• WHAT IS REQUIRED: Omit the pictures and output exactly the lines from the start of the entries through the line containing "Meerjungfrauenkleid mit Rückenschnürung".

________________________

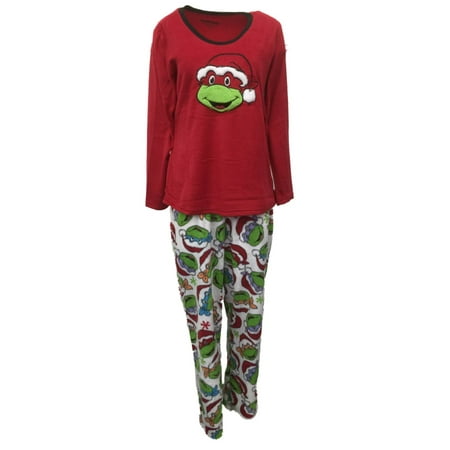 Teenage Mutant Ninja Turtles Women Red Fleece Christmas Pajama TMNT Sleep Set XL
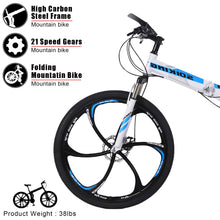 Load image into Gallery viewer, Foldable Sports Bike 26in Folding Mountain Bike Shimano 21 Speed Bicycle Full Suspension MTB Convenient Small Room Bike (+)
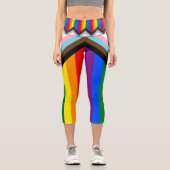 Leggings Capri LGBTQ & Pride - drapeau de progression arc-en-ciel (Recto)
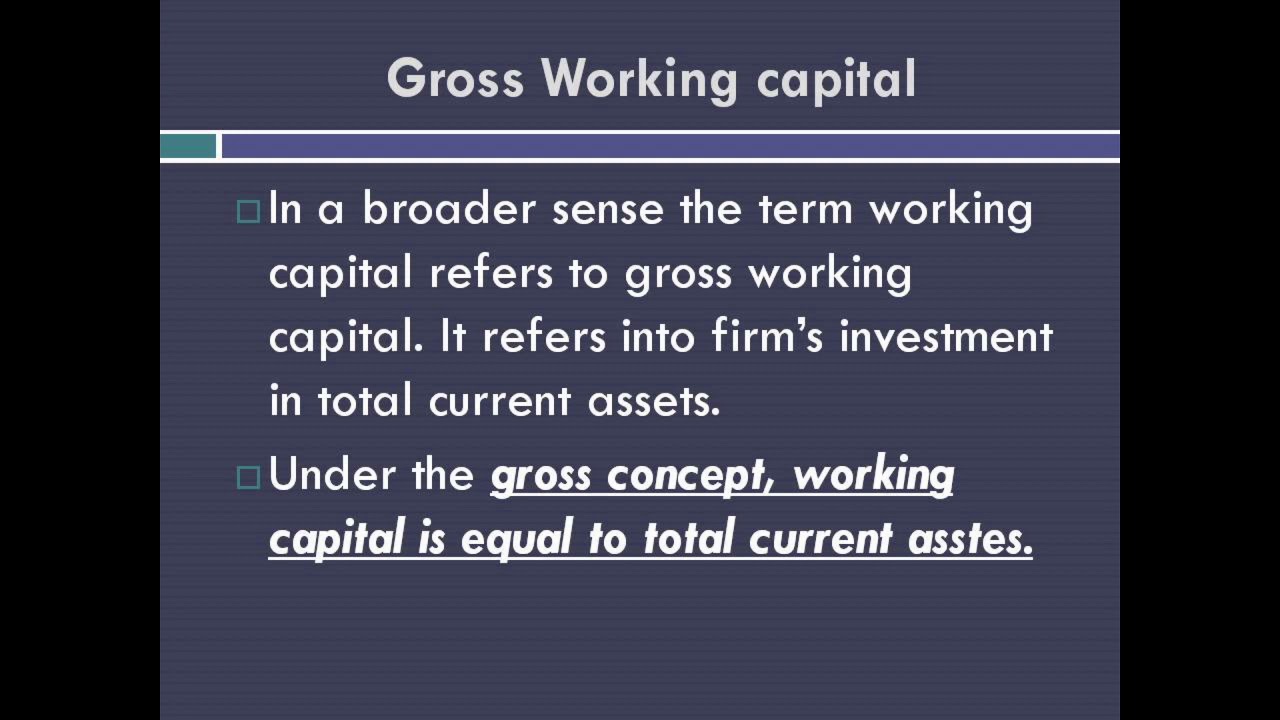 Working capital , gross and net working capital YouTube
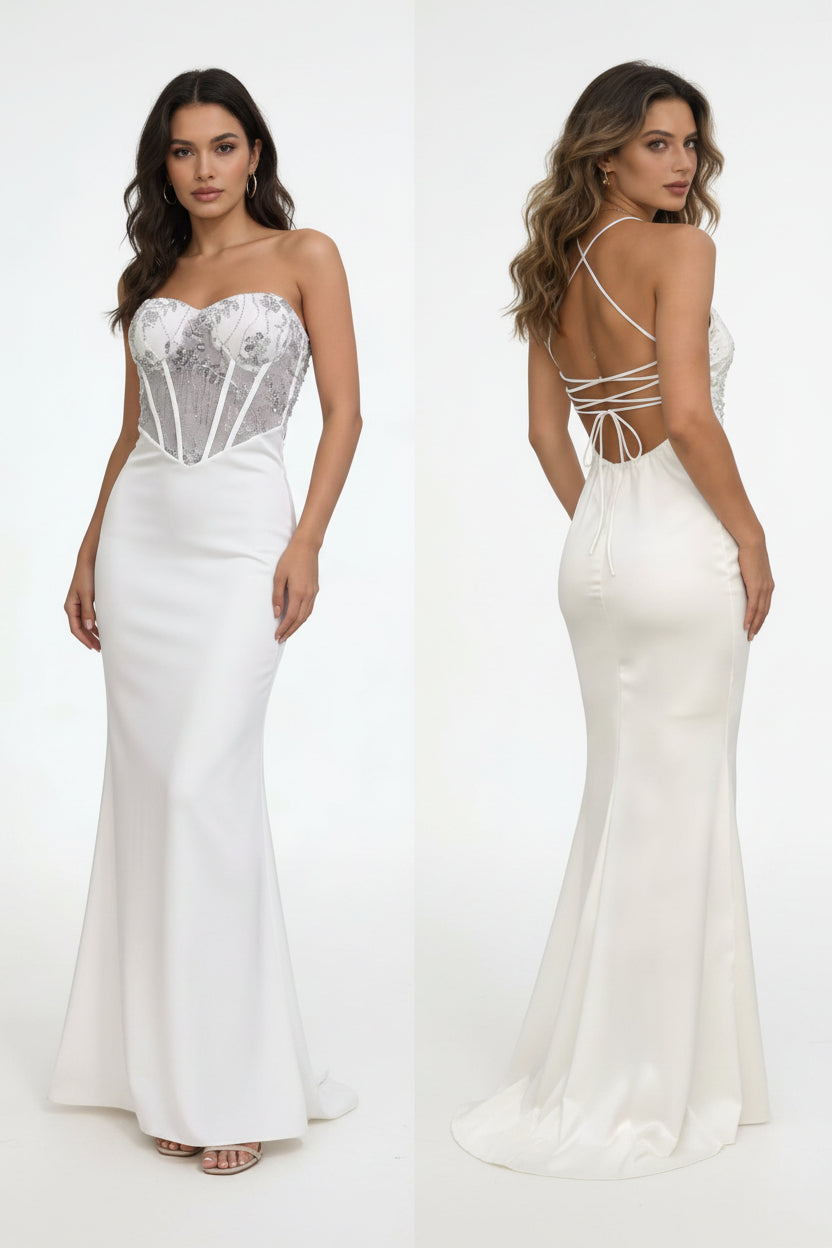 Meerjungfrauenkleid mit Rückenschnürung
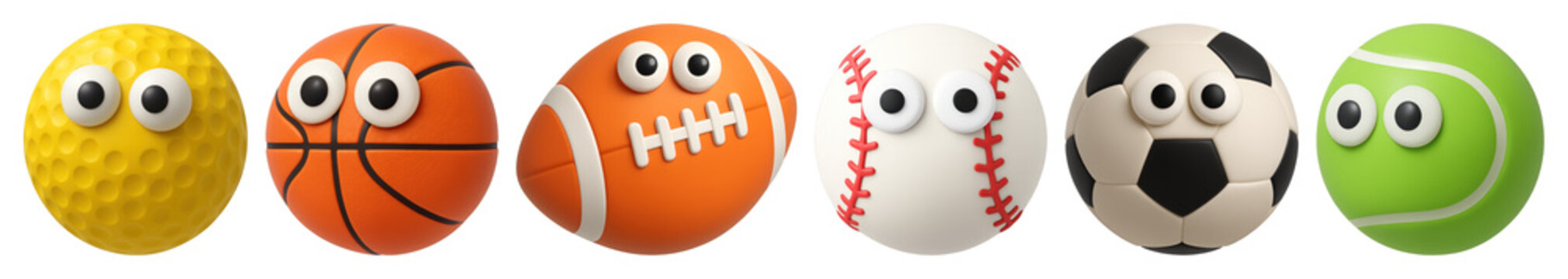 PNG Playful sports balls characters on transparent background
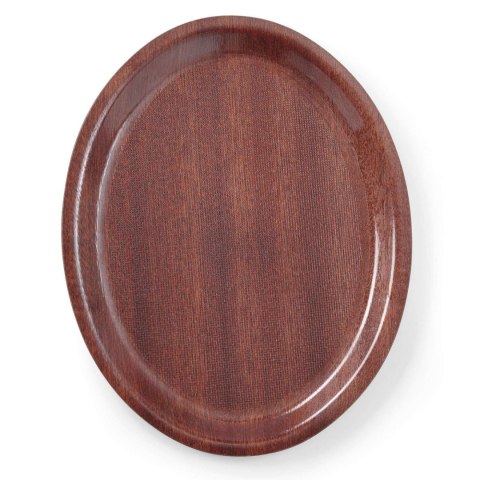 Taca kelnerska drewniana antypoślizgowa - owalna 23x16cm Hendi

________________________

• ANSWER BOX:
 Teenage Mutant Ninja Turtles Women Red Fleece Christmas Pajama TMNT Sleep Set XL
 Load image into Gallery viewer, Foldable Sports Bike 26in Folding Mountain Bike Shimano 21 Speed Bicycle Full Suspension MTB Convenient Small Room Bike (+)
 Leggings Capri LGBTQ & Pride - drapeau de progression arc-en-ciel (Recto)
 Working capital , gross and net working capital YouTube
 Meerjungfrauenkleid mit Rückenschnürung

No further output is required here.